However, since real estate values historically have risen or fallen with
market conditions, many industry investors deem presentations of
operating results for real estate companies that use historical cost
accounting to be insufficient by themselves. For that reason, the
Company considers FFO, normalized FFO, FAD and normalized FAD to be
appropriate supplemental measures of operating performance of an equity
REIT. In particular, the Company believes that normalized FFO is useful
because it allows investors, analysts and Company management to compare
the Company’s operating performance to the operating performance of
other real estate companies and between periods on a consistent basis
without having to account for differences caused by non-recurring items
and other non-operational events such as transactions and litigation. In
some cases, the Company provides information about identified non-cash
components of FFO and normalized FFO because it allows investors,
analysts and Company management to assess the impact of those items on
the Company’s financial results.
The Company uses the National Association of Real Estate Investment
Trusts (“NAREIT”) definition of FFO. NAREIT defines FFO as net income
attributable to common stockholders (computed in accordance with GAAP)
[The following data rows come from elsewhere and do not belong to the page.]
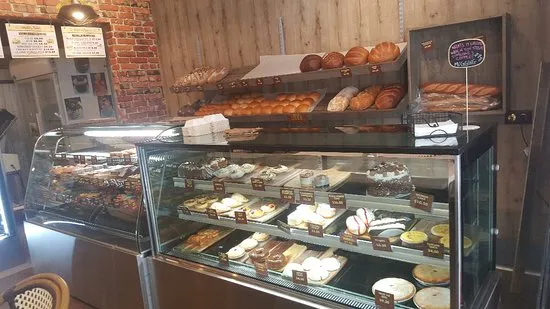 مخبز ومقهى أميليا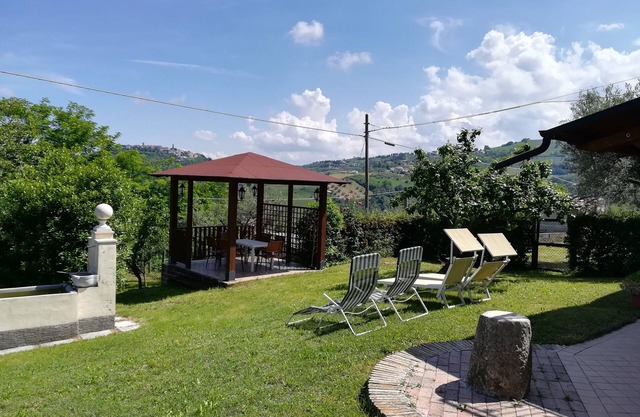 Monteverde Adult Rural Relaxation. Rural vacation home. Genuine vacation!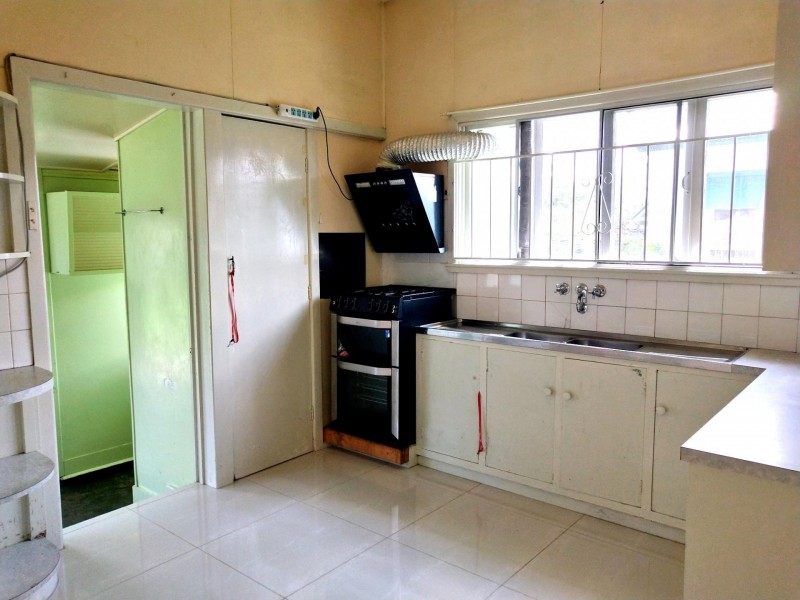 59 Manchester Tce, Indooroopilly QLD 4068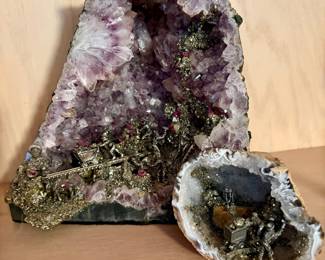 Amethyst geodes with miniature mining diorama’s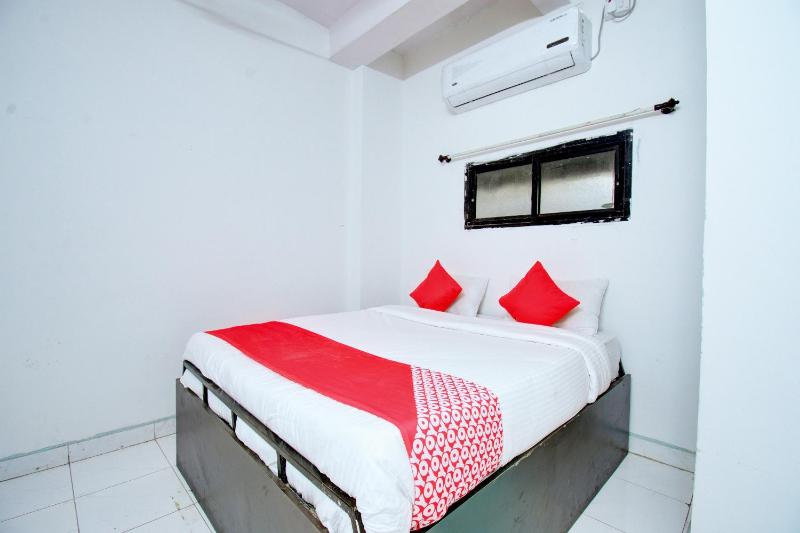 6 CR Hotel Lucky Star CENTRAL BUS STOP - image 8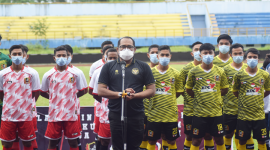 Wakil Bupati Kab.Kutai Timur, Kasmidi Bulang saat memberikan sambutan di acara Launching tim dan Jersey Persikutim, di Studion Kudungga Sangatta. (Foto Rzl)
excluding gains or losses from sales of real estate property, including
gains or losses on re-measurement of equity method investments, and
impairment write-downs of depreciable real estate, plus real estate
depreciation and amortization, and after adjustments for unconsolidated
partnerships and joint ventures. Adjustments for unconsolidated
partnerships and joint ventures will be calculated to reflect FFO on the
same basis. The Company defines normalized FFO as FFO excluding the
following income and expense items (which may be recurring in nature):
(a) merger-related costs and expenses, including amortization of
intangibles, transition and integration expenses, and deal costs and
expenses, including expenses and recoveries relating to acquisition
lawsuits; (b) the impact of any expenses related to asset impairment and
valuation allowances, the write-off of unamortized deferred financing
fees, or additional costs, expenses, discounts, make-whole payments,
penalties or premiums incurred as a result of early retirement or
payment of the Company’s debt; (c) the non-cash effect of income tax
benefits or expenses, the non-cash impact of changes to the Company’s
executive equity compensation plan and derivative transactions that have
non-cash mark-to-market impacts on the Company’s income statement; (d)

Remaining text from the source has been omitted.